Many of us understand fully the implications of a continuation of the above mentioned model and have decided to do something about it. We are beginning a transition to a life of liberty. You still have many options to do this, it takes work, but it is the most rewarding work you can involve yourself in. By ditching the status quo you open up your life to diverse relationships and opportunities to excel in the modern world, all the while acting as a steward to the environment and community.

The first step is perhaps the most difficult. This is the moment of clarity, the time that you realize all is not as it seems and the system is not all you thought it was. You can come to this realization in different ways, for me it was a change in diet and research into the industrial food model paired with the new lease on life given to me through sobriety. I found that everything I was taught about diet and health was complete bullshit, this kind of pissed me off and I began to dig deeper into the crooked world of politics and the machine that we are all plugged in to. I was in tin foil hat beast mode. Do not let this phase detour you. It is a necessity in your path and it won't last forever. If you can just try to keep it to yourself, I had a hard time with that and had to tone down the rhetoric a few times. You have to keep your humility in this stage otherwise you could risk harming some relationships that could be important to you in the future.

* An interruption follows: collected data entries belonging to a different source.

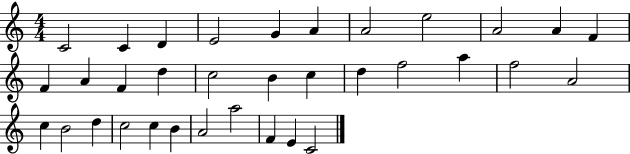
{
  \clef treble
  \numericTimeSignature
  \time 4/4
  \key c \major
  c'2 c'4 d'4 | e'2 g'4 a'4 | a'2 e''2 | a'2 a'4 f'4 | \break f'4 a'4 f'4 d''4 | c''2 b'4 c''4 | d''4 f''2 a''4 | f''2 a'2 | \break c''4 b'2 d''4 | c''2 c''4 b'4 | a'2 a''2 | f'4 e'4 c'2 | \break \bar "|."
}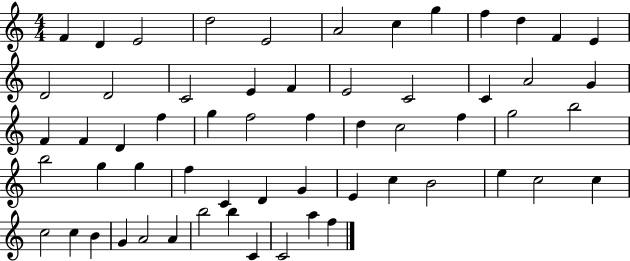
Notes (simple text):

F4/q D4/q E4/h D5/h E4/h A4/h C5/q G5/q F5/q D5/q F4/q E4/q D4/h D4/h C4/h E4/q F4/q E4/h C4/h C4/q A4/h G4/q F4/q F4/q D4/q F5/q G5/q F5/h F5/q D5/q C5/h F5/q G5/h B5/h B5/h G5/q G5/q F5/q C4/q D4/q G4/q E4/q C5/q B4/h E5/q C5/h C5/q C5/h C5/q B4/q G4/q A4/h A4/q B5/h B5/q C4/q C4/h A5/q F5/q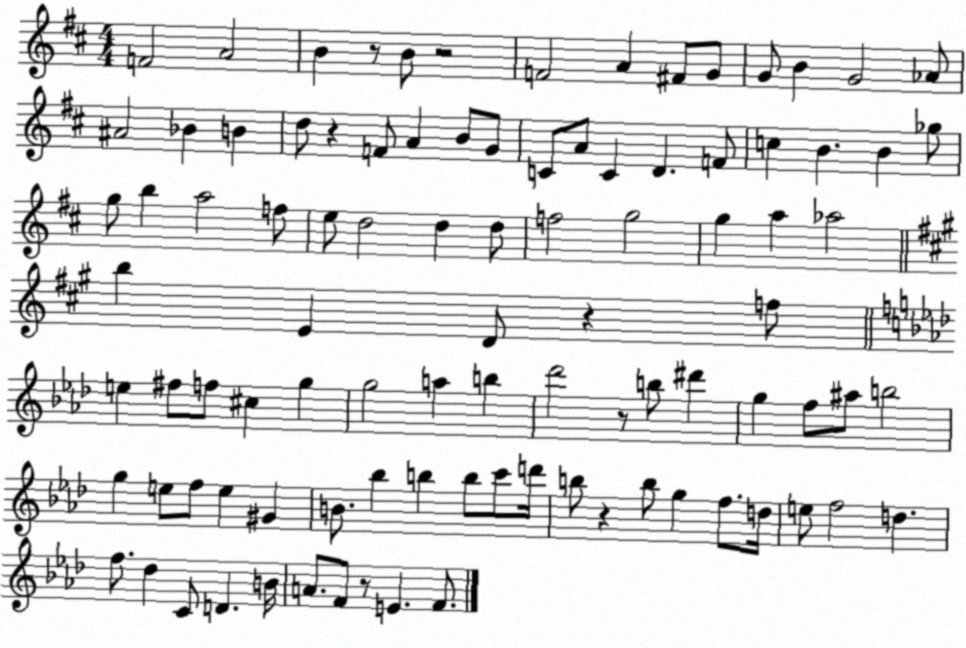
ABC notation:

X:1
T:Untitled
M:4/4
L:1/4
K:D
F2 A2 B z/2 B/2 z2 F2 A ^F/2 G/2 G/2 B G2 _A/2 ^A2 _B B d/2 z F/2 A B/2 G/2 C/2 A/2 C D F/2 c B B _g/2 g/2 b a2 f/2 e/2 d2 d d/2 f2 g2 g a _a2 b E D/2 z f/2 e ^f/2 f/2 ^c g g2 a b _d'2 z/2 b/2 ^d' g f/2 ^a/2 b2 g e/2 f/2 e ^G B/2 _b b b/2 c'/2 d'/4 b/2 z b/2 g f/2 d/4 e/2 f2 d f/2 _d C/2 D B/4 A/2 F/2 z/2 E F/2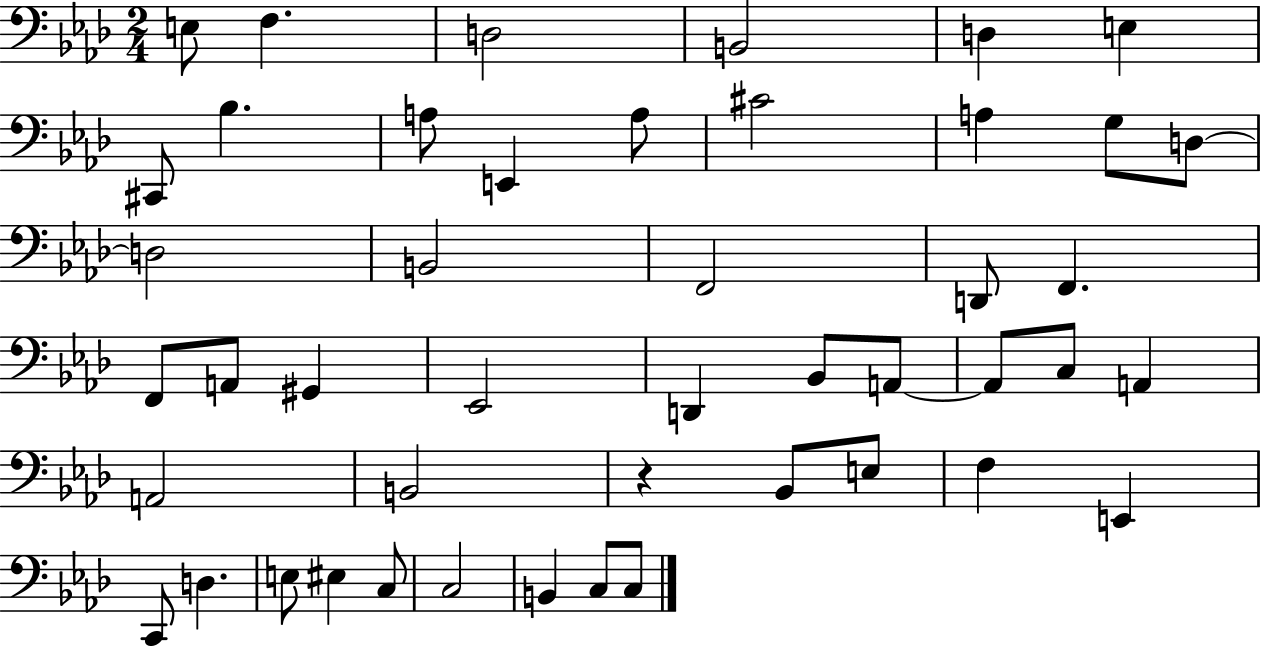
{
  \clef bass
  \numericTimeSignature
  \time 2/4
  \key aes \major
  e8 f4. | d2 | b,2 | d4 e4 | \break cis,8 bes4. | a8 e,4 a8 | cis'2 | a4 g8 d8~~ | \break d2 | b,2 | f,2 | d,8 f,4. | \break f,8 a,8 gis,4 | ees,2 | d,4 bes,8 a,8~~ | a,8 c8 a,4 | \break a,2 | b,2 | r4 bes,8 e8 | f4 e,4 | \break c,8 d4. | e8 eis4 c8 | c2 | b,4 c8 c8 | \break \bar "|."
}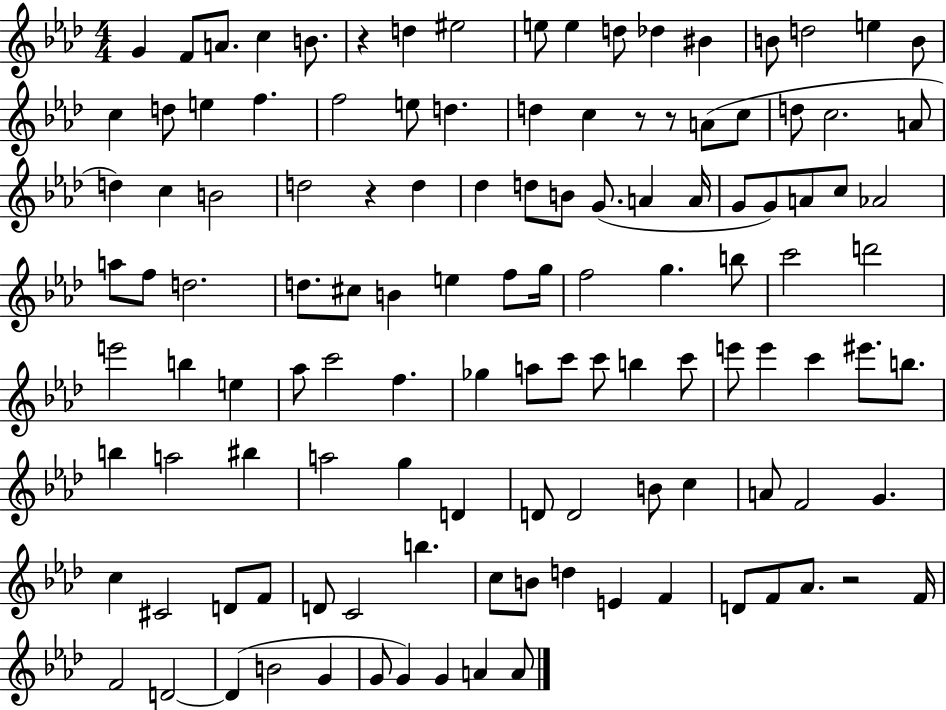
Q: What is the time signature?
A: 4/4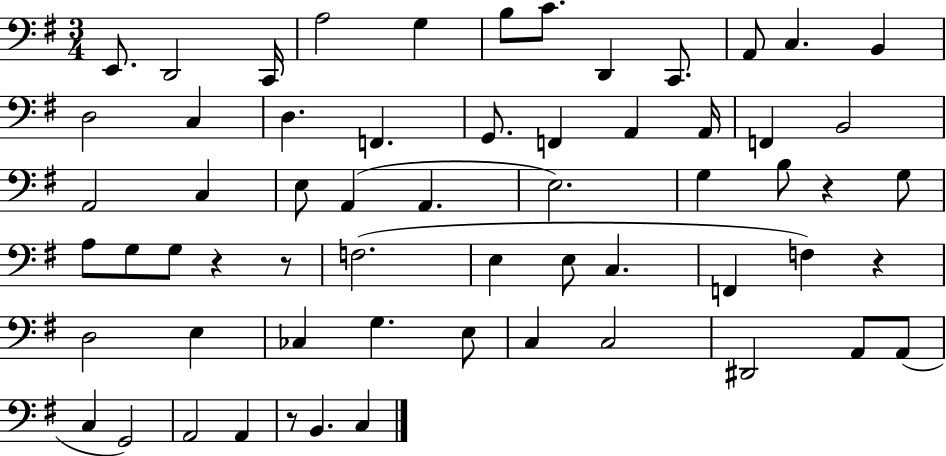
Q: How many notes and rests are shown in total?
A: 61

Once you get over the shock of reality you must begin to act. Your path will be dependant on your particular situation but I am almost certain you will come to one common conclusion. You need to learn how to grow some of your own food. Let me suggest one thing, do it without chemicals. You create enough of your own waste, build a compost system. This should be your first action because compost takes a little time, and your plants will need it. Like I said before, creating your own freedom takes work.
If you are short on skills gardening is a terrific place to start building a solid skillset that you will be able to teach to others. There is no better place to learn about tools and the maintenance of tools and equipment. You will learn simple construction methods and ways to design effective and economical systems to increase your production in your given space. It's a hobby that provides you with so much more than food it is almost impossible to explain how important it is in a life of liberty.